Thursday, July 19, 2012

REDEEMING THE DEVIL

Archbishop Desmond Tutu at the United Nations
"I have learned that we have the capacity for the greatest possible evil, all of us, but more exhilarating, we have the capacity for the greatest possible good. Human beings are an incredible creation." Thus spoke Desmond Tutu regarding the revelation of chemical and biological agents to manipulate and destroy the native population of South Africa during the reign of Apartheid. This acknowledgement of sanctioned genocide by the politically powerful of South Africa was the most devastating and truly shocking reality to Tutu and the rest of the world.
But in the face of such inhumanity, Tutu remained humane. He does speak of how one would by nature and rationality be justifiably angry with such treatment as this and its everlasting impact. And that when these horrors came to light that the peoples of South Africa would not simply embrace each other as if no tragedy had ever occurred.

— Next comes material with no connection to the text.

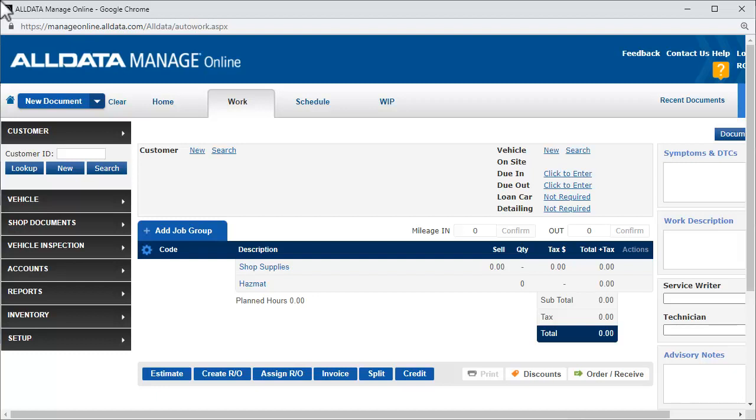In this video, we're going to go through the process of starting two work documents in Manage Online, one for a new customer and one for an existing customer.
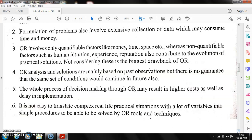The last limitation is that it is not easy to translate complex real-life practical situations with many variables into simple procedures that can be solved by OR tools and techniques. OR is applied to complex real-life problems, and simplifying them is inherently difficult.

But he still holds out the hope. He believes God's grace is ultimately irresistible, even to the one referred to as the locus of evil itself, the Satan. He refers to this as universalism, and credits the early church father, Origen, for its expression, even though his own Catholic faith tradition does not recognize this view.
Revealing planned genocide, being humane, evil, allowing redemption, enduring love and universalism. "Human beings are an incredible creation," the Archbishop says.
How does Tutu's action jive with his theology in the case of exposing and relinquishing Apartheid?
We all live in a world of possibility as described by Tutu. How do we go about creating the world possible?